Le decorazioni in stile barocco sono state realizzate da due artisti itineranti, e ci hanno impiegato oltre 60 anni per dipingere l’ intera aerea.

Sant’Efisio in origine non era cristiano, decise di arruolarsi nelle truppe dell’ esercito romano che venivano dislocate di volta in volta in posti diversi dell’ Impero.

Una volta Sant’ Efisio fu mandato proprio in Sardegna come soldato per sedare le rivolte barbaricine,  tutto ciò è ripreso dai dipinti posti nei medaglioni.

Dopo la conversione di Sant’Efisio, nel 303 A.C  che Diocleziano decide di portare avanti la persecuzione di tutti i credenti cristiani e per questo verrà ricordata come la più grande persecuzione cristiana.

A Efisio verrà chiesto più volte di rinunciare alla propria religione ma al suo ennesimo rifiuto riceve il martirio e quindi la morte per decapitazione a Nora( l’ attuale Pula).

Proprio qui ancora oggi si trova la Chiesa che è stata edificata proprio nel luogo del martirio del Santo.

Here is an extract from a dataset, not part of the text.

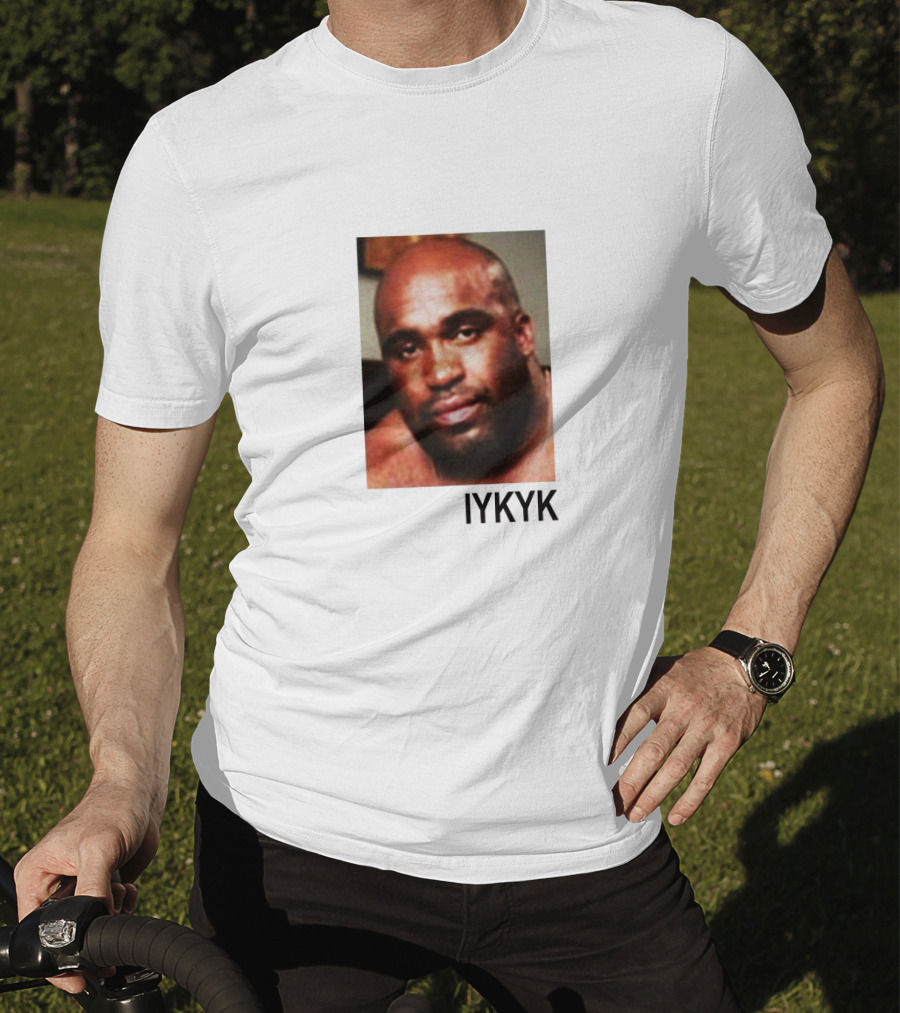 IYKYK Meme Guy Classic T-Shirt
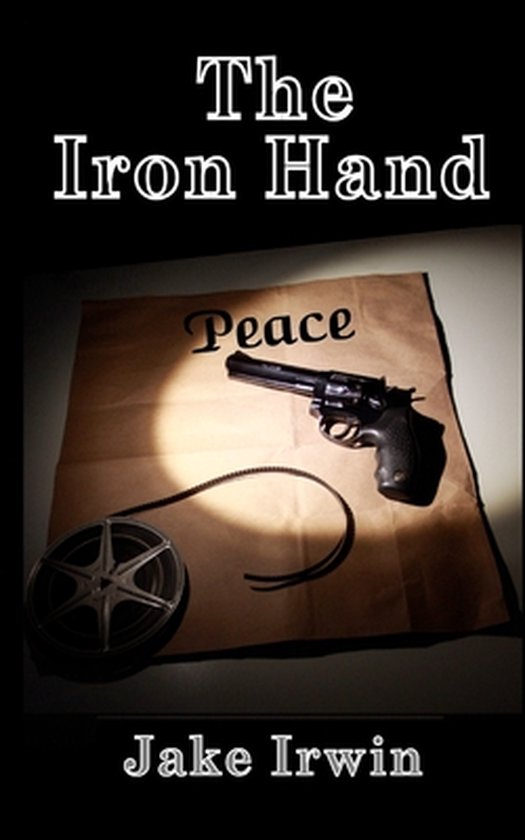 The Iron Hand - cover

Il legame che Padre Pacifico Guiso Pirella ha voluto rappresentare tra la Madonna e Sant’Efisio è rappresentato nella parte centrale del Santuario dove Efisio è rappresentato ai piedi della Madonna, mentre lei gli affida il vangelo come a significare ” Ti affido l’evangelizzazione dei popoli dell’interno”.

Da ricordare che altri Martiri vengono ricordati all’interno del Santuario,Sant’Antioco, San Simplicio,San Lussorio..  una particolarità è che indossano l’abbigliamento di tipo spagnoleggiante del 1700 perché difatti sono stati realizzati proprio in questo momento storico.

Dall’altra parte del Santuario troviamo Papa Gregorio Magno,una figura importante per la cristianizzazione della Barbagia è proprio  dalle sue lettere che scopriamo la situazione in Barbagia e qui facciamo un salto di 300 anni!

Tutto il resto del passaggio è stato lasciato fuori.